• Your instructions: Starting at the line that contains "ZNAK BEZPIECZEŃSTWA ZZ-19EIB ZNAK", quote every line through the end of the entries, word for word, skipping the pictures.
····················
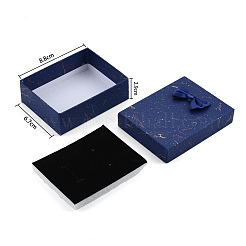 Картон комплект ювелирных изделий коробки&nbsp;CBOX-N013-025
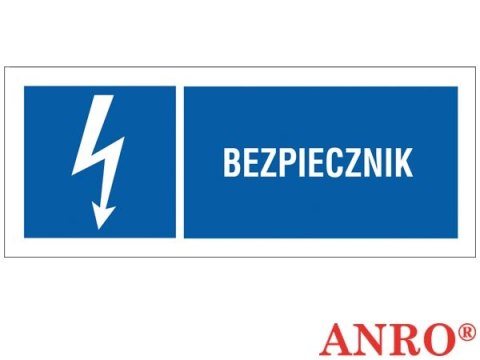 ZNAK BEZPIECZEŃSTWA ZZ-19EIB ZNAK BEZPIECZEŃSTWA ZZ-19EIB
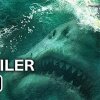 The Meg Official Trailer #1 (2018) Jason Statham, Ruby Rose Megalodon Shark Movie HD - Film og serier du skal streame i juni 2019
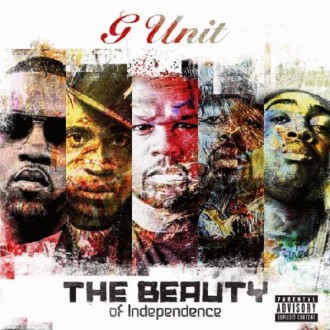 G-Unit - The Beauty Of Independence EP Cover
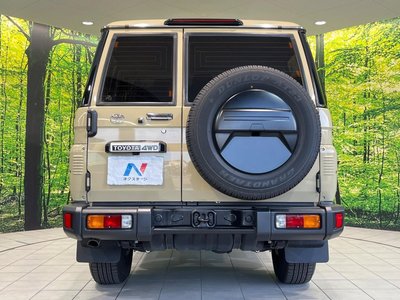 صورة مصغرة 15 لـ 2024 Toyota LAND CRUISER 70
····················
• Solution below:
 ZNAK BEZPIECZEŃSTWA ZZ-19EIB ZNAK BEZPIECZEŃSTWA ZZ-19EIB
 The Meg Official Trailer #1 (2018) Jason Statham, Ruby Rose Megalodon Shark Movie HD - Film og serier du skal streame i juni 2019
 G-Unit - The Beauty Of Independence EP Cover
 صورة مصغرة 15 لـ 2024 Toyota LAND CRUISER 70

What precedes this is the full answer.